» Exercise description: Without any pictures, print the lines below from the one that has "Beige tonal cream" through the one that has "Bathroom with baseboards and vanity", exactly and nothing else.

» Exercise data:
-*-
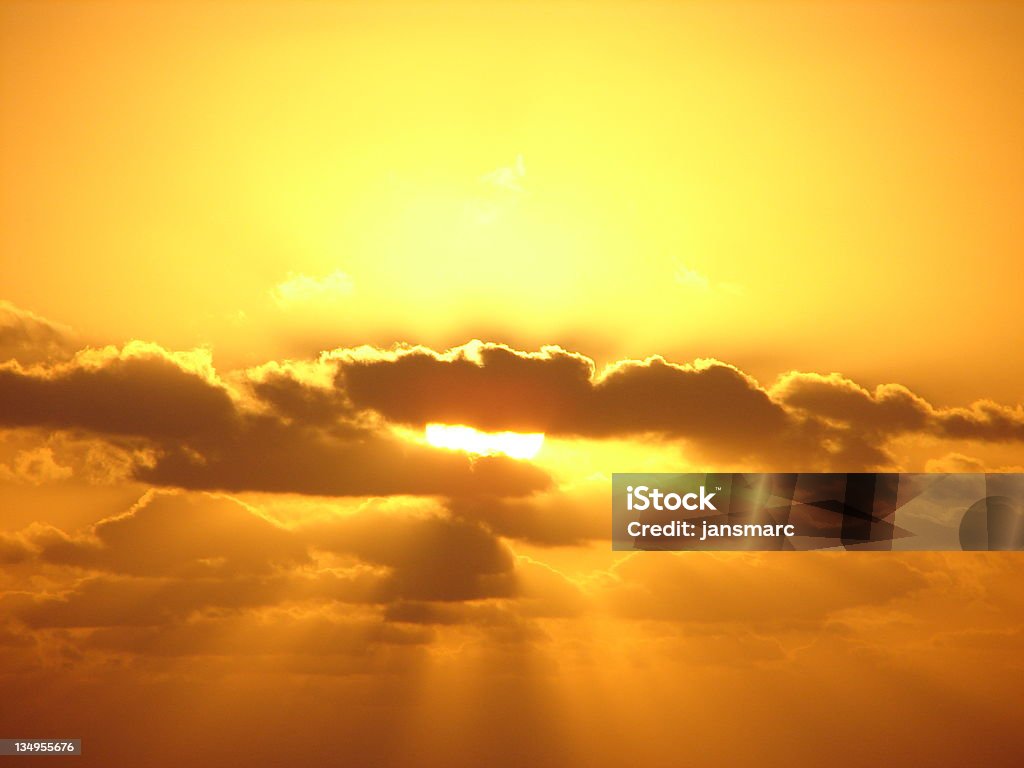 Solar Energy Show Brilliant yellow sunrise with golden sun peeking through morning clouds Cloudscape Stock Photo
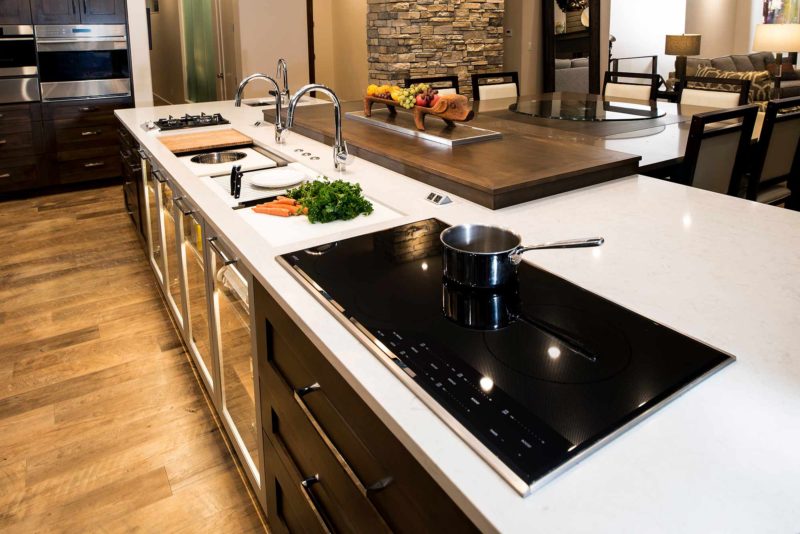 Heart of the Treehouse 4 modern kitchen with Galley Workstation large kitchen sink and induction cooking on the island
-*-
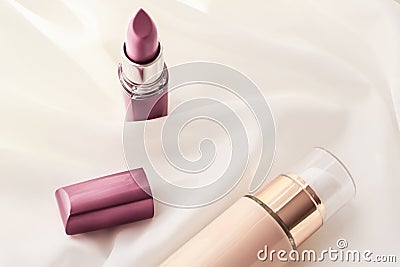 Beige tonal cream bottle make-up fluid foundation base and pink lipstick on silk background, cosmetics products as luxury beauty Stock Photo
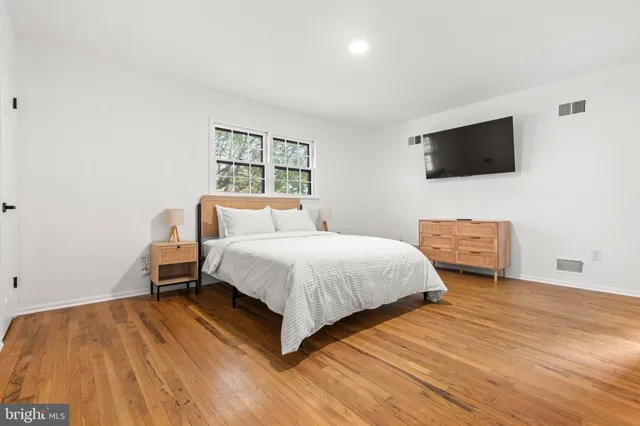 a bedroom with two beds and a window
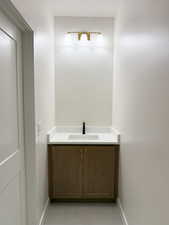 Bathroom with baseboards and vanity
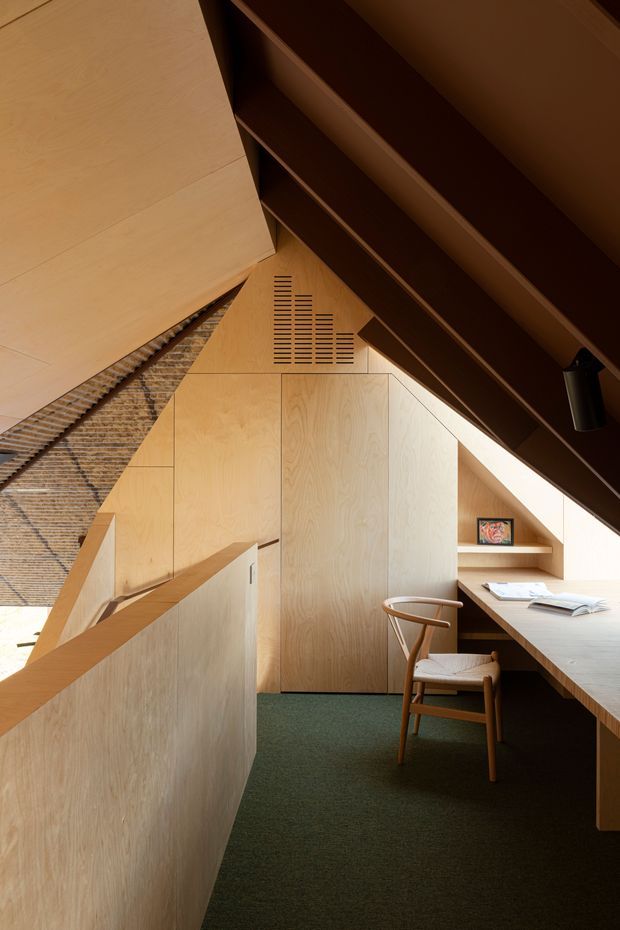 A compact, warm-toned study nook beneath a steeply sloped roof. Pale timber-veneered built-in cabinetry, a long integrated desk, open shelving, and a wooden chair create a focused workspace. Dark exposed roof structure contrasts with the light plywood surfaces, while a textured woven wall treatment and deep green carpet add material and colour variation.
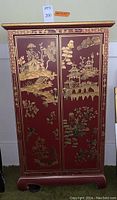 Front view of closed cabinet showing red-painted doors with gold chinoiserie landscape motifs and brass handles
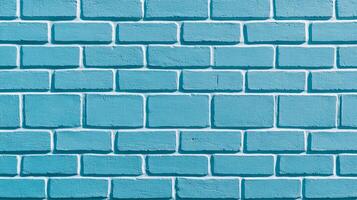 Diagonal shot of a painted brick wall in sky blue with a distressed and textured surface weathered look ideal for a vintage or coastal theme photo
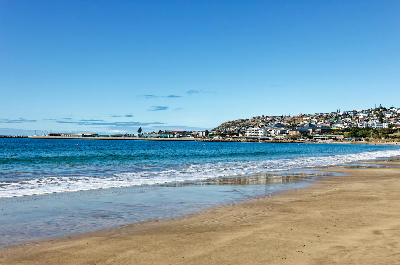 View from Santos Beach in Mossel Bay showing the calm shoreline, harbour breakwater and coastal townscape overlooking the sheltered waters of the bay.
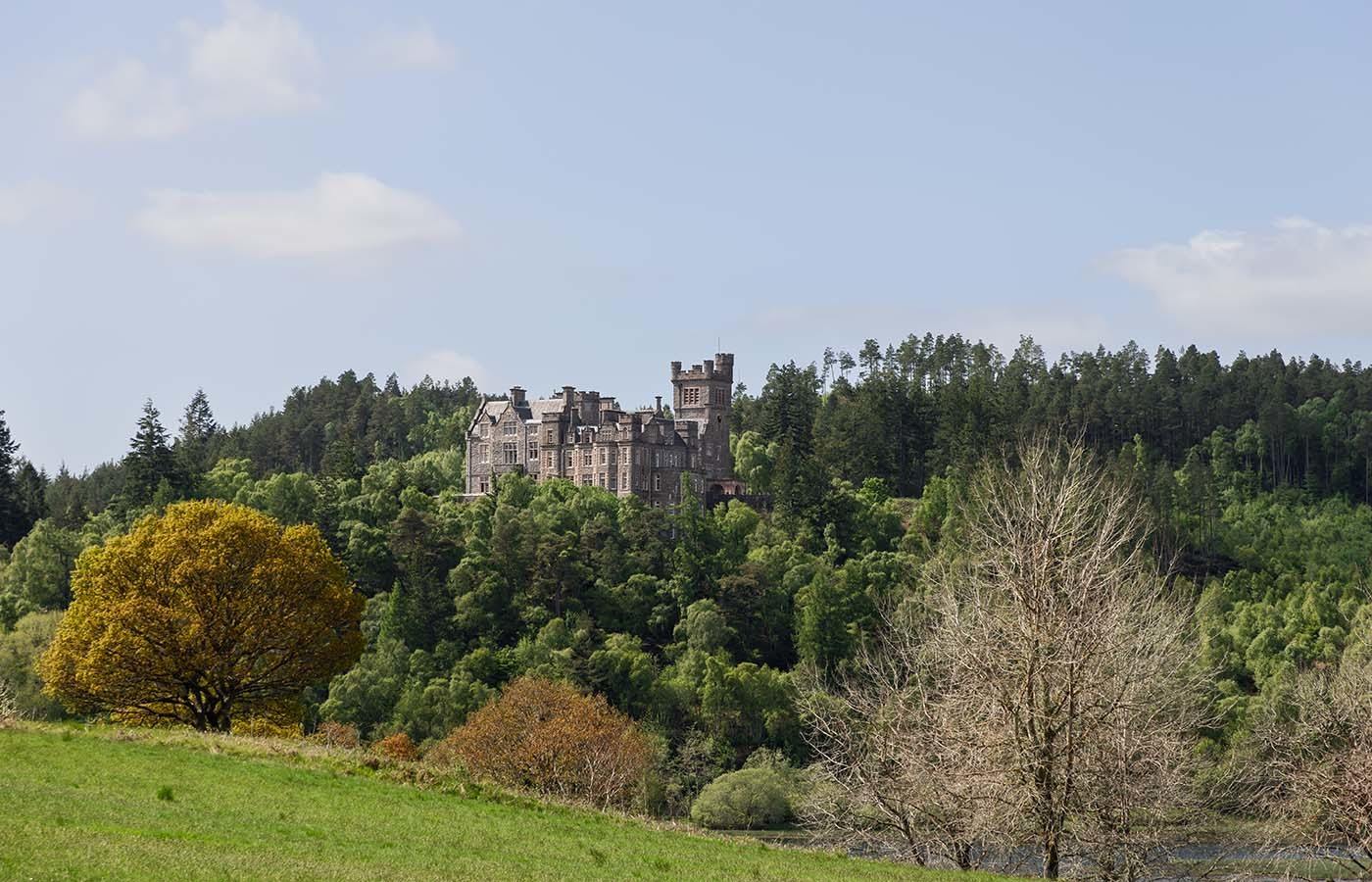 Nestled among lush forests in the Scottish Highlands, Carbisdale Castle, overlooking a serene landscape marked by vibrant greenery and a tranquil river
-*-
» Reply to the exercise:
 Beige tonal cream bottle make-up fluid foundation base and pink lipstick on silk background, cosmetics products as luxury beauty Stock Photo
 a bedroom with two beds and a window
 Bathroom with baseboards and vanity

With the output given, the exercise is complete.